In his book "Guilty -- Hollywood's Verdict on Arabs after 9/11," Jack Shaheen praises some post-September 11 films for offering a more sympathetic image of Arabs and Muslims, who he argues have been castigated for decades by Hollywood.
But he says that too many have portrayed them in ever darker shades, criticizing films including "The Kingdom" (2007) and "The Four Feathers" (2002) and condemning the creation of a new "Arab-American bogeyman" in TV dramas such as "24."
"In the United States, you can say anything you want about Islam and Arabs and get away with it. In other words, as someone said, 'You can hit an Arab free'," said Shaheen -- also author of "Reel Bad Arabs -- How Hollywood Vilifies a People."
Shaheen, an American of Lebanese descent, has examined the treatment of Arabs and Muslims in some 1,000 films, including more than 100 shot since September 11.
From action movies such as "True Lies" (1994) to comedies including "Father of the Bride Part II" (1995) and Disney's animated "Aladdin" (1992), Shaheen identifies films that have perpetuated damaging stereotypes of Arabs and Muslims.
"The images have remained primarily fixed and have only been changed in the sense that they have become more vindictive and damaging," he told Reuters in an interview in Beirut.
"What enables these images to persist and prevail? One of the primary reasons is silence," said Shaheen, a retired professor of mass communications who worked as a consultant on "Syriana" (2005) and "Three Kings" (1999).
"There's nobody in authority, no political leader, no Hollywood personality who has taken a stand and said that demonizing Arabs and Muslims is the same as demonizing Jews or blacks or Asians or any other racial or ethnic group."
In "Guilty," Shaheen credits films including "Babel" (2006) and "Rendition" (2007) for "more complex, even-handed Arab portraits." But "very few people are listening," he said.
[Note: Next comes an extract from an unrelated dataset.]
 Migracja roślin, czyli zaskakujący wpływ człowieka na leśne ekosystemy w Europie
"It's been very difficult, it's like being a salmon trying to swim upstream.
"What is done is selective framing of radicals: people saying 'death to America'. You cannot deny the reality -- there are people who really want to kill Americans. But those are basically the only images we see."
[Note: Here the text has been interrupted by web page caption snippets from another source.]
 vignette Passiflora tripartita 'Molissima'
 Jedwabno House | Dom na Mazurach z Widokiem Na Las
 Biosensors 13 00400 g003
He describes last year's "The Kingdom" -- an action movie about FBI agents hunting terrorists in Saudi Arabia -- as one of the most damaging depictions of Arabs of recent times in which "even Arab children cannot be trusted."
Shaheen also charts a new trend of turning American Arabs and Muslims into "the new bogey person" and criticizes the TV drama "24" for its "vicious images of loathsome Muslim Americans as well as Americans with Arab roots."
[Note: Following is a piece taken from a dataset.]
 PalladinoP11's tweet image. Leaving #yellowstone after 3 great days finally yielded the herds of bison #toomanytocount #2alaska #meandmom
Hollywood's depiction of Arabs has eased the path for U.S. administration policy, he argues. Decades of portraying Arabs and Muslims as the enemy "made it that much easier for us to go into Iraq," he said. "There were very few people protesting.
"The images help enforce policy," he said. "As the policy becomes more even-handed, perhaps films will reflect that.
"Plato said: 'Those who tell the stories rule society'. Nothing has changed, and the story tellers of today have a tremendous impact on the world as we perceive it."